**WHAT IS NEEDED**
Every line from the one with "Rotatable Paper Cup" to the final line of the records should be printed exactly as it is, with pictures left out.
[[ SUPPLIED ENTRIES open ]]
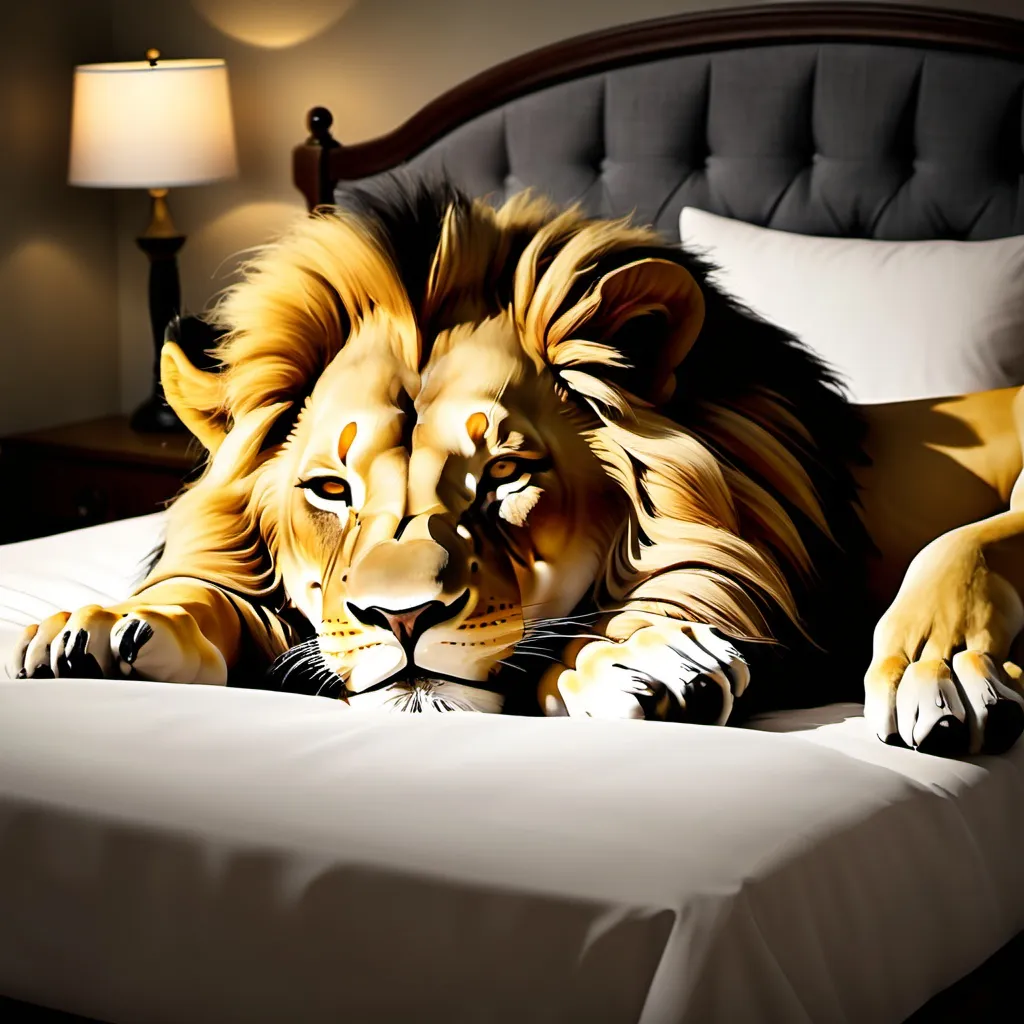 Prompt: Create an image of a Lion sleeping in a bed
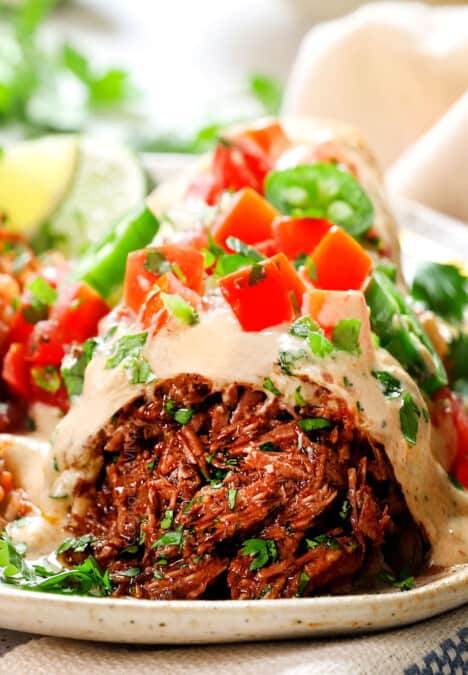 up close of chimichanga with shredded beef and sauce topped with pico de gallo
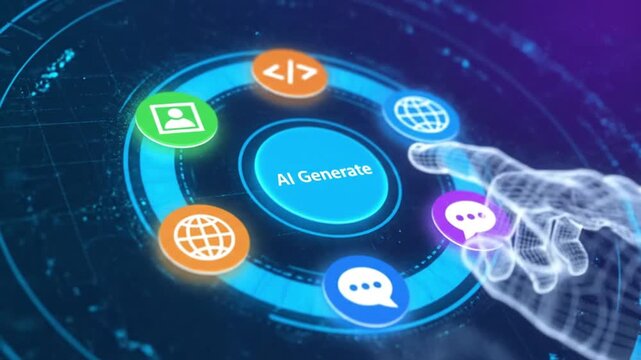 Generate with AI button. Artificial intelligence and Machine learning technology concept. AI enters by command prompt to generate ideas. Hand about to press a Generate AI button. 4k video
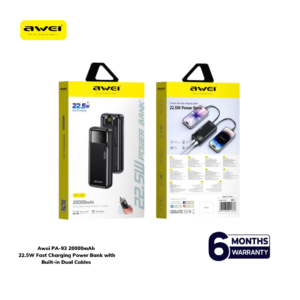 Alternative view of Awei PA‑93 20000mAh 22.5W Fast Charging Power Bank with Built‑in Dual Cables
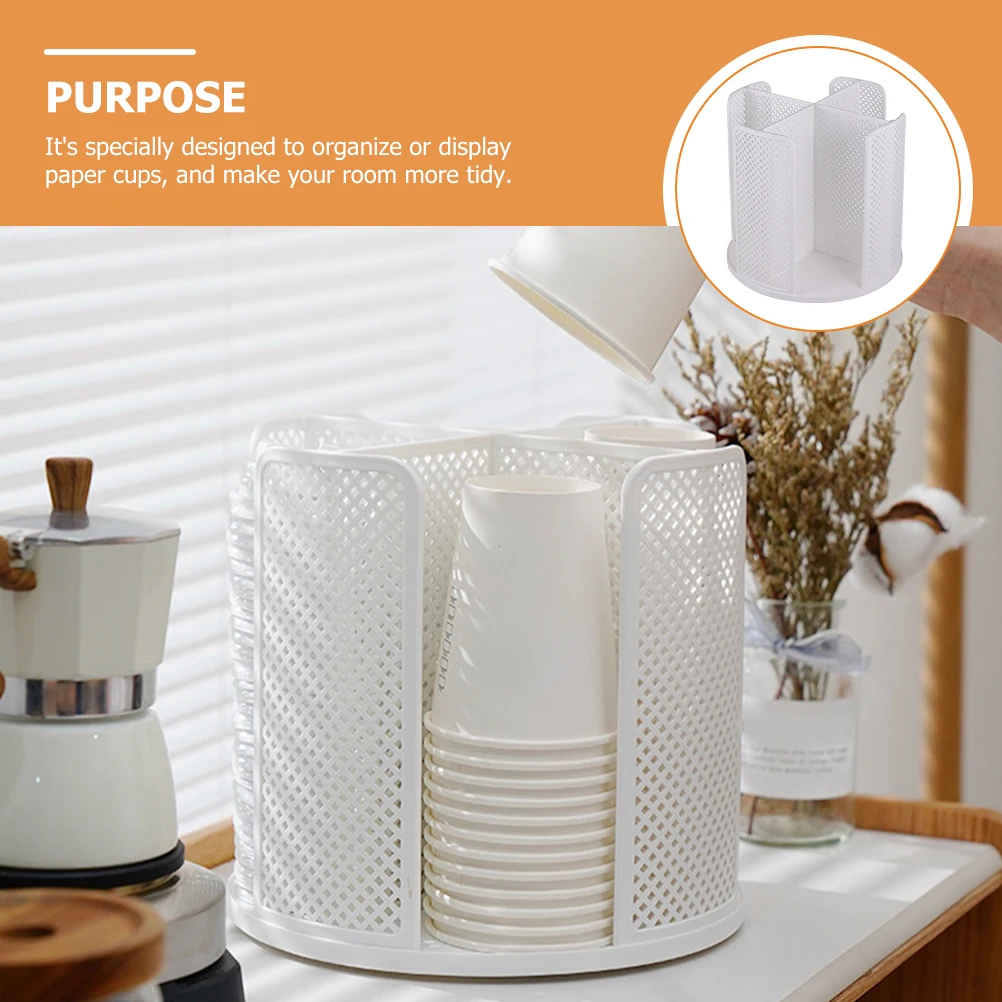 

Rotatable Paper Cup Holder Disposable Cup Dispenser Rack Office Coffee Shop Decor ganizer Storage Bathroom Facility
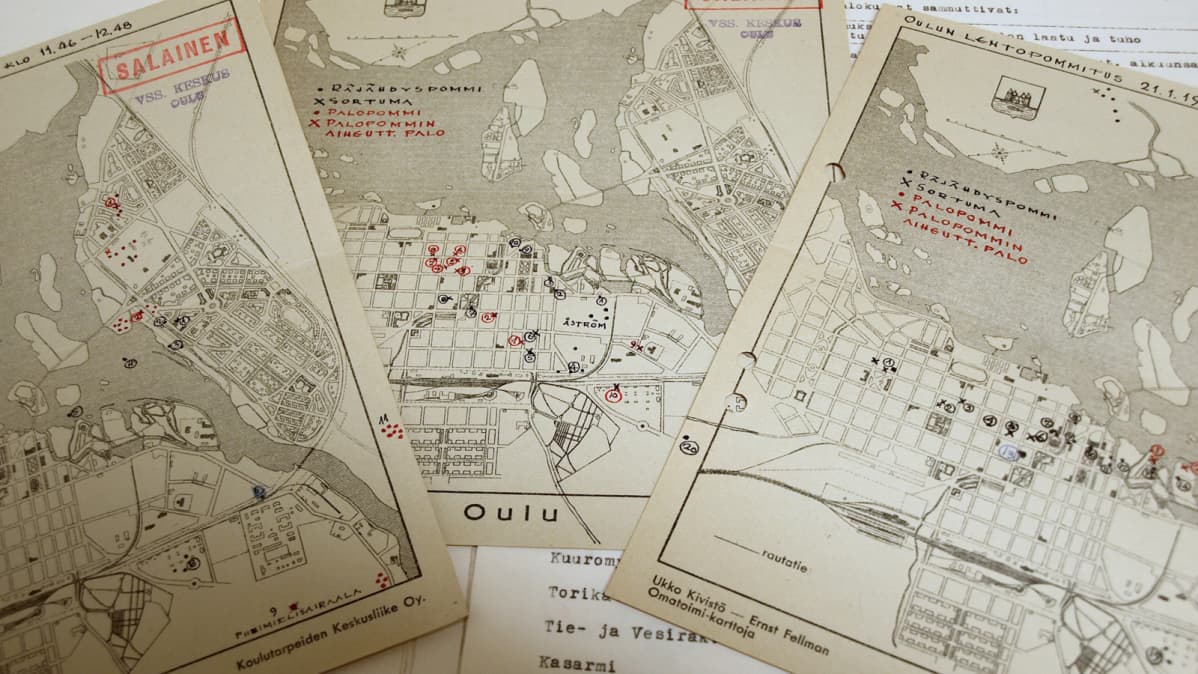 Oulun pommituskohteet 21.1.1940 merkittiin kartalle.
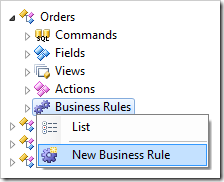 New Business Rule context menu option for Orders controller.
[[ SUPPLIED ENTRIES closed ]]
**TASK ANSWER**
Rotatable Paper Cup Holder Disposable Cup Dispenser Rack Office Coffee Shop Decor ganizer Storage Bathroom Facility
 Oulun pommituskohteet 21.1.1940 merkittiin kartalle.
 New Business Rule context menu option for Orders controller.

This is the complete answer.